Mr Modi and his praetorian guard in the party and in the outgoing government can be accused of bringing down the quality of public debate by turning it into a no-holds barred us-and-them battle where everything is done to trip Congress president Rahul Gandhi from contesting the election while standing solidly with Hindutva zealot Pragya Thakur in the Bhopal Lok Sabha constituency.
It is this vulgarity – there is nothing pejorative about vulgarity; the original Latin sense of the term denotes the ordinary people and the translation of the Bible into Latin by St. Jerome is known as The Vulgate -- of democracy that repelled Plato, and to an extent Aristotle. Unfortunately, we cannot quote the author of the Arthashastra or some other ancient Indian authority because democracy and its underlying principle of the equal rights of all in the political sphere was not prevalent in old India. It is the privilege of ancient Greece that it bravely experimented with democracy, and aristocrats like Plato did not hesitate in expressing their repulsion for its vulgar ways. It is often overlooked that it is Athenian democracy that tried Socrates for corrupting the minds of the city’s youth by criticizing the Homeric gods. In his personal political testament, so beautifully outlined in the Seventh Letter, Plato explains his inability to be part of the political scene of his day because of erratic tyrants who would not listen to him on the one side and the factionalism that dominated Athenian politics on the other, and he could not bring himself to play the intellectually unacceptable game of partisan politics. Aristotle was solidly middle class and felt that democracy – he called it polity -- is good because the clash of views among the many is better than the tyrannical sway of the views of the few. But he too did not like what he called the deviant form – he called it democracy -- which spelled the tyranny of the masses.
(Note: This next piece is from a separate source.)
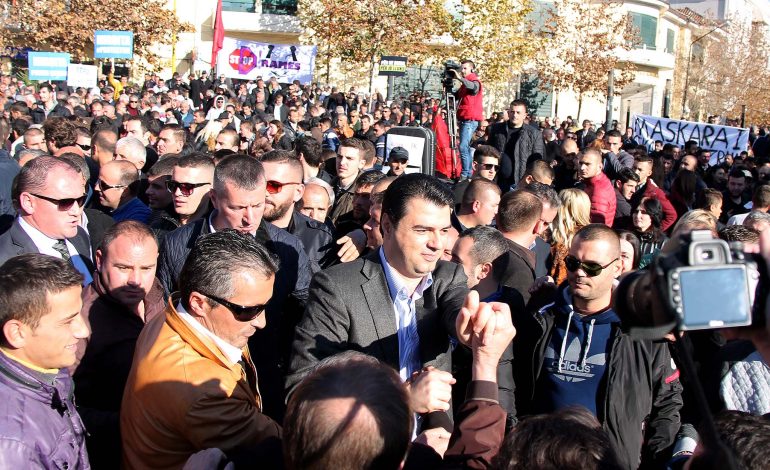 Protesta e PD para Parlamentit më shumë se 15 persona të ndaluar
The haute bourgeoisie’s discomfort and dislike for Mr Modi’s vulgar politics is comparable to the horror felt by the aristocratic class in England after the Second Reform Act of 1867 which extended the voting right to the lower middle classes. There is no likelihood of Indian democracy getting back to the imagined salon decencies of the past. The coarseness and loudness is here to stay with or without Mr Modi and his friends around. In a distant future, when India becomes an advanced economy and prosperity levels improve, there could be a gentler dialogue among the politicians of diverse hues. Even in the United States, the democratic dialogue has slumped to a deplorable low with President Donald Trump unleashing belligerence in his 2016 campaign not seen since post-Civil War Yankee days. The middle class must accept the good as well as the bad that is inherent in democracy. It cannot always be ideal and decent. It turns loud and coarse. In other words, vulgar.